Mengenang sejarah 1400 tahun lalu, kampanye hitam bukan hanya dilakukan di masa sekarang, pada zaman perjuangan Nabi Muhammad saw menegakkan ajaran Islam, kampanye hitam telah terjadi. Agama bagi pembesar Mekkah adalah sumber kedudukan, kekuasaan, dan sumber pendapatan. Untuk itu, perjuangan Nabi Muhammad saw dianggap mengancam kepentingan-kepentingan politik para pembesar Mekkah.

Upaya-upaya menghambat perkembangan agama Islam, dilakukan penguasa-penguasa Mekkah dengan berbagai macam cara, salah satunya dengan kampanye hitam. Kampanye hitam dilakukan dengan melakukan propaganda bahwa Nabi Muhammad saw bukan utusan Tuhan, tetapi digambarkan sebagai orang yang haus dengan kekuasaan, pemberontak ajaran nenek moyang, pembohong besar, orang sakit jiwa, dan tukang sihir.

Kampanye hitam terhadap Nabi Muhammad saw dan pengikutnya tercatat dalam Al-Qur’an, “mereka berkata: ‘Hai yang menerima wahyu, sesungguhnya engkau adalah gila!’” (QS. Al-Hijr:6). Dalam surat lain dikabarkan, “...Orang itu (Muhammad saw) adalah tukang sihir dan pendusta”. (QS. Shaad:4).

Tak putus dirundung malang, kampanye hitam terhadap Nabi Muhammad saw terus berlanjut sampai sekarang. Kampanye hitam dilakukan dengan menampilkan gambar kartun Nabi Muhammad saw sebagai seorang teroris. Lebih keji lagi secara terang-terangan kampanye hitam dimuat dalam sebuah film, Nabi Muhammad saw di gambarkan sebagai seorang yang punya kelainan seks. Naudzubillah...

Beruntung, sebuah pelajaran besar telah dicontohkan Nabi Muhammad saw, kepada umat manusia, khususnya umat Islam. Beliau mengajarkan cara-cara agung dalam menghadapi berbagai jenis keburukan.
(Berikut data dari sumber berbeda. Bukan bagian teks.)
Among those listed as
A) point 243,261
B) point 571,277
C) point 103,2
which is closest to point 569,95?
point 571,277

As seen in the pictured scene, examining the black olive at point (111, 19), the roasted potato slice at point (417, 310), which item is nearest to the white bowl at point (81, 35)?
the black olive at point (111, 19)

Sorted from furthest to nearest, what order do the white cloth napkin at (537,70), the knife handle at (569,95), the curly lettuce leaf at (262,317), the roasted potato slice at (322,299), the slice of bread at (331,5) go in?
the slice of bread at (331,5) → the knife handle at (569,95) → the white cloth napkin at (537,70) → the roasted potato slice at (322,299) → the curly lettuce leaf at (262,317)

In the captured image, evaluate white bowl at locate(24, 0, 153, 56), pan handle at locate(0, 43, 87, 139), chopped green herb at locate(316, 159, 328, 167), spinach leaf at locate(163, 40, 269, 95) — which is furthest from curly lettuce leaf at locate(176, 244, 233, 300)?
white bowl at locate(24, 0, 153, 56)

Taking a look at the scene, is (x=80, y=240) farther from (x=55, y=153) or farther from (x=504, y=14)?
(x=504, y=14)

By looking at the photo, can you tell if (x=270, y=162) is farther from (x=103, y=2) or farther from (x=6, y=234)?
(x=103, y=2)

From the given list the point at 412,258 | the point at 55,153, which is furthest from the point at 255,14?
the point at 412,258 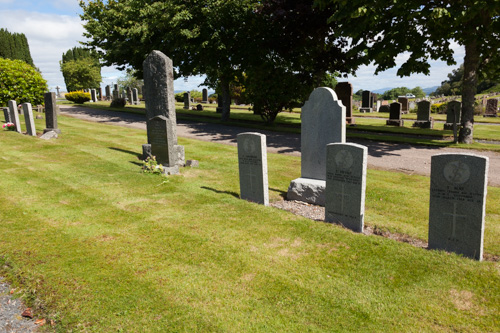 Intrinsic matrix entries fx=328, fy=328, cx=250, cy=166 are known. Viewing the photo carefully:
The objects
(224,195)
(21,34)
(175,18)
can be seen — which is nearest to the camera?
(224,195)

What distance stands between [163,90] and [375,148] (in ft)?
33.1

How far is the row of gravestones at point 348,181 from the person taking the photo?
4.95m

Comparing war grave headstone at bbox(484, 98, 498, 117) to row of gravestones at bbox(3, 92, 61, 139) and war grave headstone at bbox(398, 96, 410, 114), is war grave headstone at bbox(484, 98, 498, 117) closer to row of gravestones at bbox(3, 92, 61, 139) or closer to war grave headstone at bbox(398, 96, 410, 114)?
war grave headstone at bbox(398, 96, 410, 114)

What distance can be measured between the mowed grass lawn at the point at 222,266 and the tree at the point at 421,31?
8.59 m

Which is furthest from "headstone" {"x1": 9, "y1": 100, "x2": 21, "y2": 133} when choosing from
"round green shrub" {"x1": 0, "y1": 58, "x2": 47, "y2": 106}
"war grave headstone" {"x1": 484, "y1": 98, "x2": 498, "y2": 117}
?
"war grave headstone" {"x1": 484, "y1": 98, "x2": 498, "y2": 117}

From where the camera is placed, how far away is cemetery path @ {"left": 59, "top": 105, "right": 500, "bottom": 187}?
39.4ft

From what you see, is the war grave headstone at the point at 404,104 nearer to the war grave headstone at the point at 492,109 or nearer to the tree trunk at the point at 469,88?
the war grave headstone at the point at 492,109

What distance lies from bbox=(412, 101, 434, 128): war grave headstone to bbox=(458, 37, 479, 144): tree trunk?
6771 mm

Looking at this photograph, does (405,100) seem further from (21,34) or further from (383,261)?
(21,34)

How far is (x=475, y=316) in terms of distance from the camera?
12.3 feet

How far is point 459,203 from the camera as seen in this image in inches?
199

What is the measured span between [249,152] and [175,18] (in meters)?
17.0

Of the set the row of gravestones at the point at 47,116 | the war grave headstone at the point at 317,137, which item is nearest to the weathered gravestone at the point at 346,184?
the war grave headstone at the point at 317,137

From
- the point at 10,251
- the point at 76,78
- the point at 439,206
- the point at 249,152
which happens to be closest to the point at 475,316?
the point at 439,206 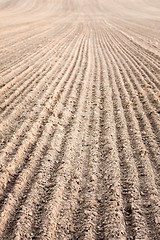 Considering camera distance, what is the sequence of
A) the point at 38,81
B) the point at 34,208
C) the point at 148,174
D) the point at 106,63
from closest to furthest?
the point at 34,208 < the point at 148,174 < the point at 38,81 < the point at 106,63

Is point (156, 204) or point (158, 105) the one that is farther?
point (158, 105)

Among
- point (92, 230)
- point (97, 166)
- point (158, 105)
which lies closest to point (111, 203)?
point (92, 230)

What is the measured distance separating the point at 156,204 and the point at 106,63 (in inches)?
328

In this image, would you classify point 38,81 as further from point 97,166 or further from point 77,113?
point 97,166

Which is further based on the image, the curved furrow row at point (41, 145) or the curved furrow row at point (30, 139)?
the curved furrow row at point (30, 139)

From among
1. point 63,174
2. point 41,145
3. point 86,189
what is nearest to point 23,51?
point 41,145

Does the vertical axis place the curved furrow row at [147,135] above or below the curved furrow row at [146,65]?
below

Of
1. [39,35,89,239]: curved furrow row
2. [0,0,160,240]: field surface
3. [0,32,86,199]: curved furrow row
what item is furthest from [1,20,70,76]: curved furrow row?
[39,35,89,239]: curved furrow row

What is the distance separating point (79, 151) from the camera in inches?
173

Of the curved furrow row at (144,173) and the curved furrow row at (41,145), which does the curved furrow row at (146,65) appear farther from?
the curved furrow row at (41,145)

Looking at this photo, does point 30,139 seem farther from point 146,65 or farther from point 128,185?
point 146,65

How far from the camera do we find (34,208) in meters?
3.09

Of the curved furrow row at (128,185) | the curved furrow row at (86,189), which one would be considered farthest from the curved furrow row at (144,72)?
the curved furrow row at (86,189)

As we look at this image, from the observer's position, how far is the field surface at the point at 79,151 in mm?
2920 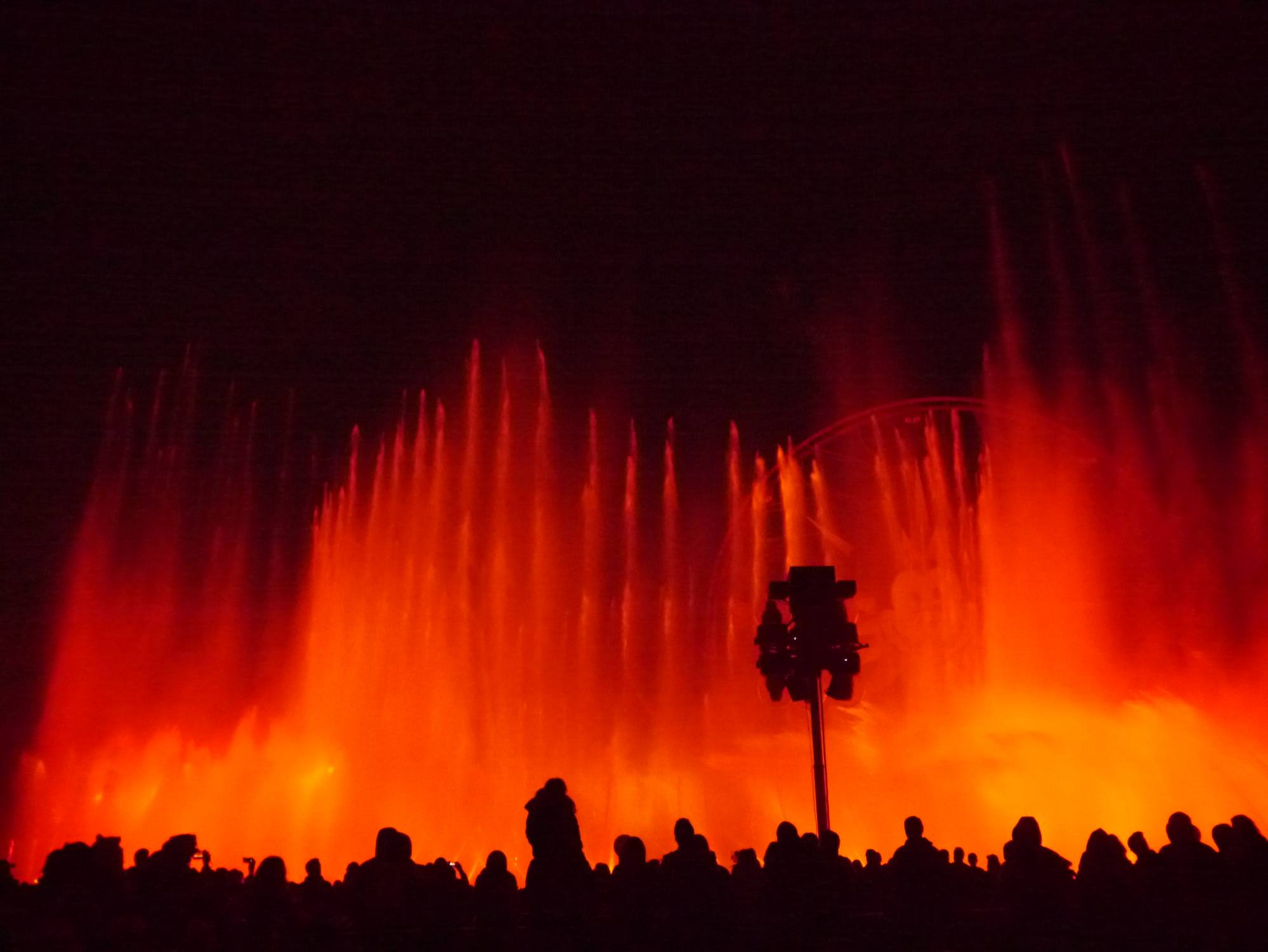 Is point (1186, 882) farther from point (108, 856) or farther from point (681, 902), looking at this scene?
point (108, 856)

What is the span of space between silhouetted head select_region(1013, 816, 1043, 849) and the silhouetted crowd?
2 cm

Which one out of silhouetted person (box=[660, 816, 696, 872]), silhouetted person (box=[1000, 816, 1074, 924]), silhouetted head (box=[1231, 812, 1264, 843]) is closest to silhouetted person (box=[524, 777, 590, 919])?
silhouetted person (box=[660, 816, 696, 872])

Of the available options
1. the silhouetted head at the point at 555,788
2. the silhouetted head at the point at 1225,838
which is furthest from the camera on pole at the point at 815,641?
the silhouetted head at the point at 1225,838

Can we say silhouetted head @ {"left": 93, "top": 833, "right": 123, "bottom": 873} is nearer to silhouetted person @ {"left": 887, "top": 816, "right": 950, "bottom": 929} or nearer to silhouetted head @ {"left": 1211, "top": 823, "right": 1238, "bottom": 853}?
silhouetted person @ {"left": 887, "top": 816, "right": 950, "bottom": 929}

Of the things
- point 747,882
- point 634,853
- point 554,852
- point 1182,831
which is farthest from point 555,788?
point 1182,831

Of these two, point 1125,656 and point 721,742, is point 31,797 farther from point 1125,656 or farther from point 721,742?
point 1125,656

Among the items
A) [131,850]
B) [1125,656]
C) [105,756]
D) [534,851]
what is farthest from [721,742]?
[534,851]

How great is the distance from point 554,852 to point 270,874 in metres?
1.94

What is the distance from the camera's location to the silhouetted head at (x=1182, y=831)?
22.2 feet

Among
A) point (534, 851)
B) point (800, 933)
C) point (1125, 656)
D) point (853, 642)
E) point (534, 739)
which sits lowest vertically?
point (800, 933)

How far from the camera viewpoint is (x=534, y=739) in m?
31.5

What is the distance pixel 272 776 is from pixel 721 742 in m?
14.2

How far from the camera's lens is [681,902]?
20.2 feet

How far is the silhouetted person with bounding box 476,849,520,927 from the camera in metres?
6.08
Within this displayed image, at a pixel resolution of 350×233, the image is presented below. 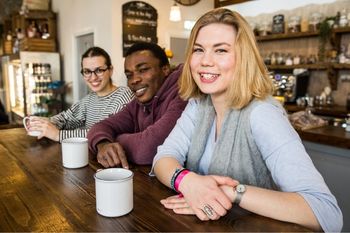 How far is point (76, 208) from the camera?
0.82 m

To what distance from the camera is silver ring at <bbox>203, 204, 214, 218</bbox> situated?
2.55ft

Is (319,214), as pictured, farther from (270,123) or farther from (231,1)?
(231,1)

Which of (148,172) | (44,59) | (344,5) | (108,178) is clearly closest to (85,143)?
(148,172)

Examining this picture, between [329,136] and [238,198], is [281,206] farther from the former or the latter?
[329,136]

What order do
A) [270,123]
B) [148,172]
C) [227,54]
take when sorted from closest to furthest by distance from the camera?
[270,123]
[227,54]
[148,172]

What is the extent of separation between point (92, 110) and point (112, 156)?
3.63 feet

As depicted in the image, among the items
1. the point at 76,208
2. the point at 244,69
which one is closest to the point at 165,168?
the point at 76,208

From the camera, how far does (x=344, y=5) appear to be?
11.4 feet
Dalam catatan sejarah (hadis shahih), digambarkan bahwa Nabi Muhammad saw tidak membalas keburukan dengan keburukan, melainkan dengan kebaikan.

Mengapa Nabi Muhammad saw mencontohkan membalas keburukan dengan kebaikan? Bagi Nabi Muhammad saw tidak ada kebaikan yang dibangun di atas keburukan. Logikanya sudah jelas tertuang dalam Al-Qur’an, “Jika kamu berbuat baik (berarti) kamu berbuat baik bagi dirimu sendiri dan jika kamu berbuat jahat maka kejahatan itu bagi dirimu sendiri,...” (QS. Al-Israa:7).  Keburukan dan kebaikan tidak datang dari luar, tetapi datang dari dalam diri kita sendiri. Membalas keburukan orang lain sama dengan sengaja memasukkkan diri pada lingkaran keburukan.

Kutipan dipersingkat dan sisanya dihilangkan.